◆ **ABOUT THIS EXERCISE**
Everything from the line that has "Aqua - Dakimakura (1)" to the last line of the listing must be repeated exactly, and nothing more; omit the pictures.

————————

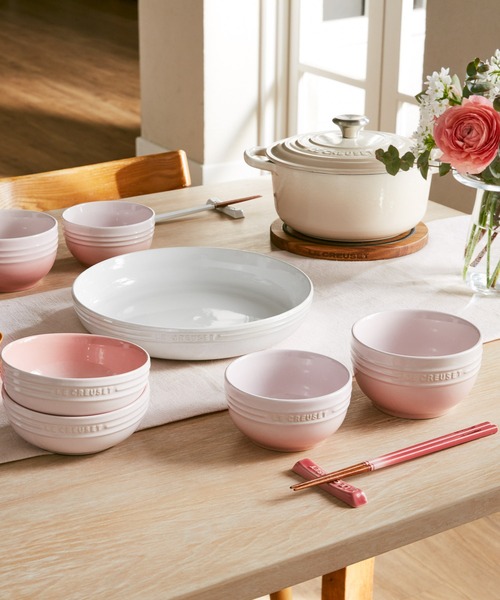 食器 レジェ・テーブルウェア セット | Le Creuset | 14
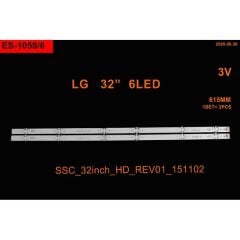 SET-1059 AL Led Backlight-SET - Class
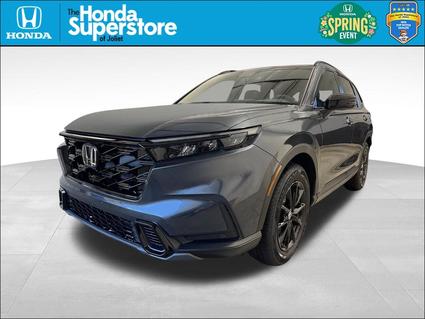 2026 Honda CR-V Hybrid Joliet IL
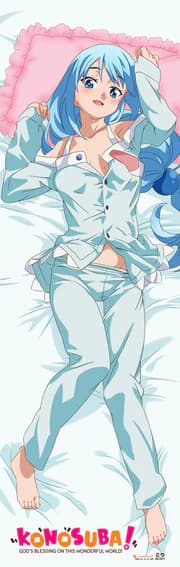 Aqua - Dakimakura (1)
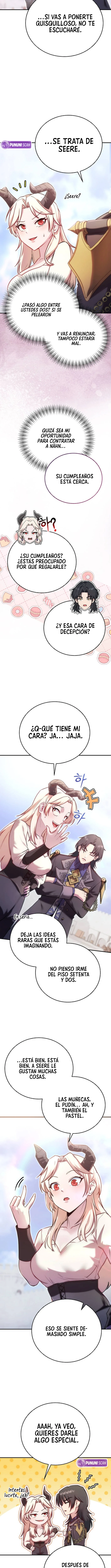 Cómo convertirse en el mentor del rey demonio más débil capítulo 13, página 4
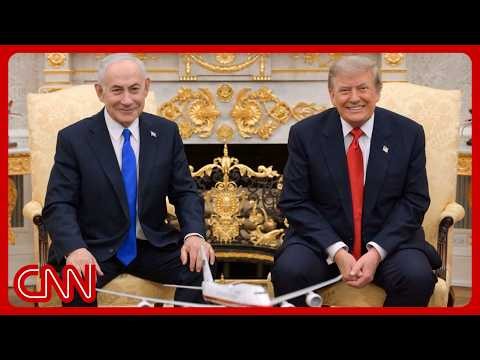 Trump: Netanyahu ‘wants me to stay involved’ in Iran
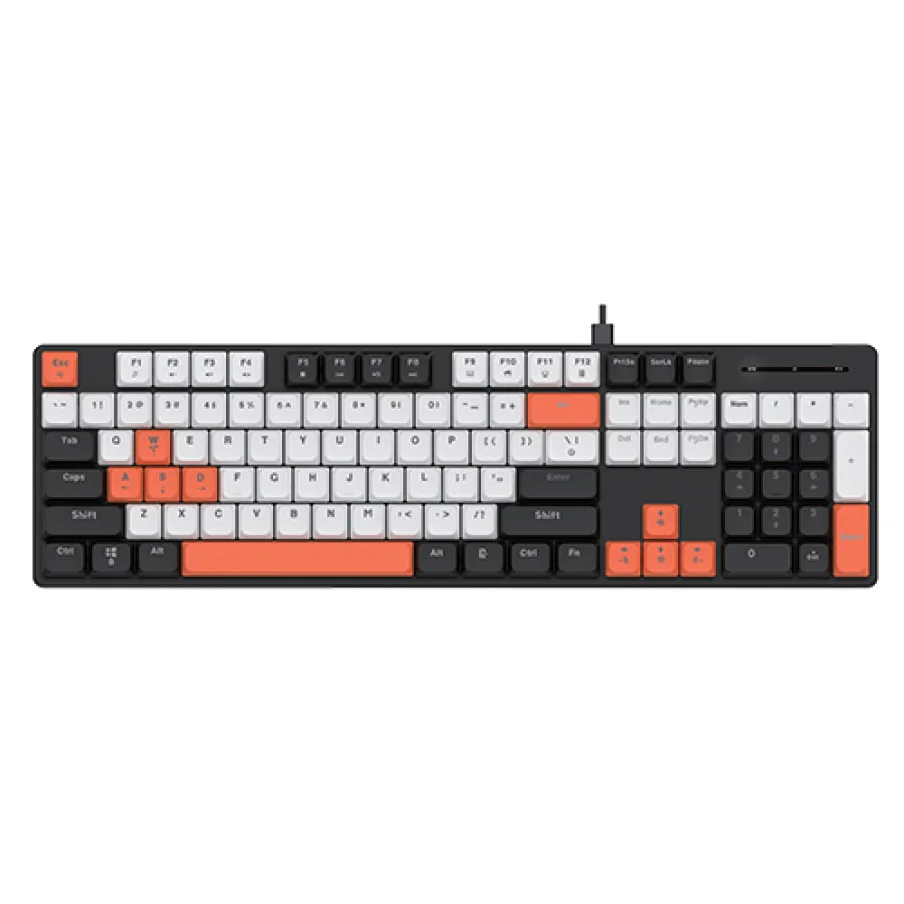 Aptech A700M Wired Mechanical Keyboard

————————

◆ **SOLUTION TO THIS PROBLEM**
 Aqua - Dakimakura (1)
 Cómo convertirse en el mentor del rey demonio más débil capítulo 13, página 4
 Trump: Netanyahu ‘wants me to stay involved’ in Iran
 Aptech A700M Wired Mechanical Keyboard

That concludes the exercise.